En la Málaga que fue fenicia, romana, musulmana y renacentista ha abierto sus puertas un nuevo museo: lleva el nombre de doña Carmen Thyssen. Siento un especial respeto por esa señora. La recuerdo en pleno Paseo de la Castellana, en Madrid, en una noche de verano, hace algo más de veinte años. En el hotel donde se alojaban ella y su esposo, el barón Thyssen-Bornemisza, se había recibido una amenaza de bomba. La policía había decretado el desalojo inmediato del establecimiento. La baronesa y su esposo se refugiaron en su automóvil, que su chófer ya había sacado del aparcamiento del hotel.

Por obligaciones profesionales estaba un servidor de ustedes asistiendo a las fuerzas de seguridad del Estado en el cometido, siempre complicado, de desalojar rápidamente a empleados y clientes de un hotel donde se había decretado una situación de máxima alarma. No pude dar crédito a lo que estaba viendo cuando la baronesa volvió, sonriente e imparable, a entrar en el edificio del hotel. Inútiles los intentos de bloquear su paso. Con una sonrisa llena de serenidad nos desarmó a todos. Tenía que recoger algo que se había dejado en su suite. Lo más notable era la ausencia en su rostro y en sus gestos de cualquier indicio de nerviosismo o miedo. Era obvio que los dioses estaban de su lado. Y ella no lo dudaba ni por un momento.

Hay dioses y dioses. En las antiguas culturas celtas las deidades femeninas gozaban de un rango muy superior a las varoniles. Sabios tiempos aquellos. En las grecolatinas todo ha sido más complicado. Y así todo terminó tan mal para aquella caótica multitud de deidades, demasiado humanas tantas veces.

Paseábamos mi mujer y yo por los espacios muy bien dosificados del flamante museo de Carmen Thyssen. El afortunado encuentro con una antigua amiga, (coloraturas celtas y un intelecto admirablemente afilado) y el posterior encuentro con otra hermosamente inteligente amiga a la que habíamos conocido en una ida y un regreso de Roma, nos ayudaron a evitar aquello que Chesterton decía de los museos: lugares que nos invitan a atiborrarnos con una tal mescolanza de alimentos para el espíritu que la visita terminará con una indigestión.

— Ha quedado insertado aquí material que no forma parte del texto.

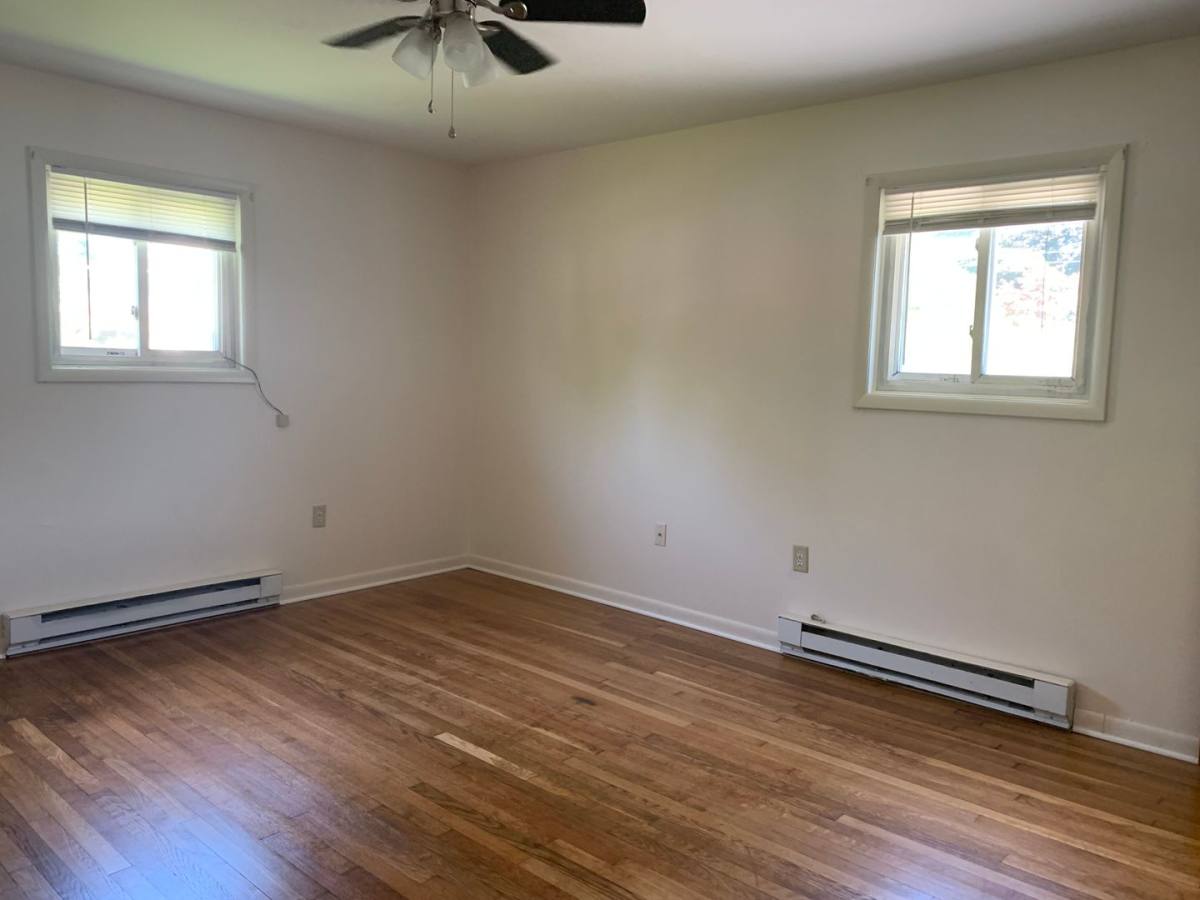 Apartment for rent at 101 Sunset Ave, Chambersburg, PA 17201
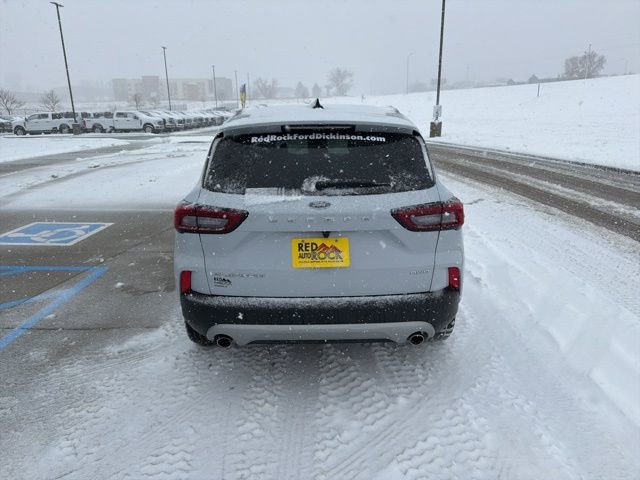 Used 2025 Ford Escape Platinum image 4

Ambos encuentros y los susurros que intercambiamos con nuestras amigas nos permitieron descubrir que el nuevo museo malagueño no sólo es creación de una dama a la que obviamente influyentes deidades desean sonreír. Eurípides aseguraba que el mejor aliado natural de una mujer es otra mujer. Quizás por eso las dos obras más interesantes de la exposición permanente evocan a dos mujeres: Julia, retratada por Ramón Casas i Carbó en 1915. Y una inquietante Santa Marina, de Francisco de Zurbarán. En cambio los hombres que pueblan un número importante de las pinturas costumbristas de la planta baja son bastante lamentables. Personajes truculentos a los que nadie con un mínimo de sensatez invitaría a su casa.

Como la brisa que hace oscilar la superficie de un estanque fue el encuentro con nuestras dos amigas. Una nos recordó la Málaga que quizás un día feliz conoceremos. La otra nos devolvió a aquella sala del Cardenal Scipione en la Villa Borghese, donde una poderosa primavera romana ya nos anunciaba su eclosión al otro lado del cristal de las ventanas. Sí. En su otredad el nuevo museo de Málaga tenía muy buenas vibraciones.